Come sei entrata? Avevi ali e un vento
ti spingeva a volare e sei atterrata
lieve e stordita sopra la mia spalla
o sei venuta passo dopo passo
e senza peso hai detto alla mia mano
di toccarti? Se ora io mi affanno
per ritrovarti quando ti ho perduta
o sei svanita come una cometa
che ritorna ma dopo mille anni,
tu all'improvviso appari e mi sorridi,
scivoli sulla gamba e lasci un segno
che mi consola se mi fa del male,
che io coltivo come fosse un pegno
della tua bocca. Come sei arrivata?
Eri forse pulviscolo o zanzara
o luce che è filtrata da fessura?
La piazza è in sé perfetta e consolante,
piazza silente, piena piazza a sera,
un tempo assai di gente battagliera
ora vacante, solo un soffio ancora
di testarde parole, che rincuora.
E' quasi perfezione anche la noia,
che dalla piazza parte e si diffonde
e mi assopisce mentre torno a casa,
così mi annoio di una noia morale,
cioè priva di male, un po' saggezza
e un tanto smarrimento esistenziale,
senza proponimenti, rimanere
in stato biologico e animale.
Tra poco più di un secolo nessuno
degli odierni viventi sarà tale,
ma, a seconda del caso, carboncino
o briciola nel vuoto siderale
o ancora mummia in cerca d'ulteriore
più esplicito trapasso. Ciò dimostra
che la fine del mondo è ricorrente,
un programma seriale replicato
con ciclica frequenza nei millenni,
senza zelo il battage promozionale
ma di sicuro effetto, un deja vu
postato d'abitudine con cieca
sollecitudine forse da nessuno
che ne abbia contezza. Tanto vale
adattarsi alla recita virale,
non chiedere perché il programmatore
non cambi mai l'immagine finale.
La poesia di Giuseppe Grattacaso, Confidenze da un luogo familiare, dichiara esplicitamente, in apertura, tutti i suoi debiti: Gozzano, Noventa, Sinisgalli. Ma poi prende una strada propria, che affonda nelle proprie mancanze, malinconie, inciampi. E li restituisce al lettore attraverso immagini nitide e condivise, comprensibili da tutti. Grattacaso fa sue le leggi "classiche" della poesia, innervandole in una realtà che gli risulta estranea. Perché ormai «vince chi urla, vince chi ti assale, /non c´è mistero, se tu resti afflitto /sottovoce cortese derelitto». Il tentativo di chiamarsi fuori è forte. Ma l´impersonale vitalità del mondo irrompe, quando meno te l´aspetti. E allora bisogna stare all´erta, essere pronti a cogliere quella rivelazione inattesa e magari dolorosa.

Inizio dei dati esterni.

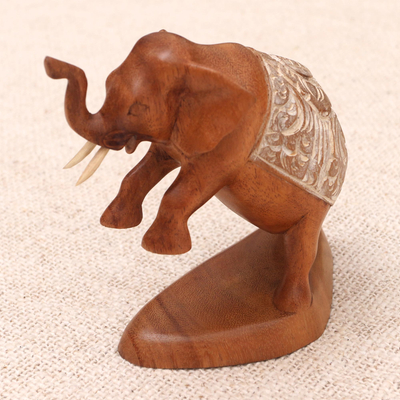 Holzskulptur - Handgeschnitzte Elefantenstatuette aus Suarholz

Franco Marcoaldi, La Repubblica. 13 febbraio 2010
Giuseppe Grattacaso è deciso e tagliente come una folata di bora, sincero come i versi di Saba al quale rende omaggio riuscendo a far poesia di trattorie triestine.
(...) l' uso sapiente della parola e un pensiero acuto che va dritto al cuore del senso e delle cose comuni e le rivela sollevando la veste dell' abitudine, mostrando non la verità - appannaggio altrui - ma un punto di vista da un luogo diverso, la pausa («Ma chi lo dice che saremo salvi/ solo bruciando tra mille attività?/ In ozio la barbarie è debellata/ e la pigrizia da sempre è santità»). È un incantato disincanto dove i corridoi non sono offesa per architetti razionalisti ma «pista per lunghe scivolate, un alberato viale, terra di passaggio, tenebroso antro» e le attese dell' infanzia, spensierata curiosità. E le donne e l' amore sono un miraggio a cui piace restare tale, perché il mondo corre ma il poeta resta fermo, il suo dovere è guardare.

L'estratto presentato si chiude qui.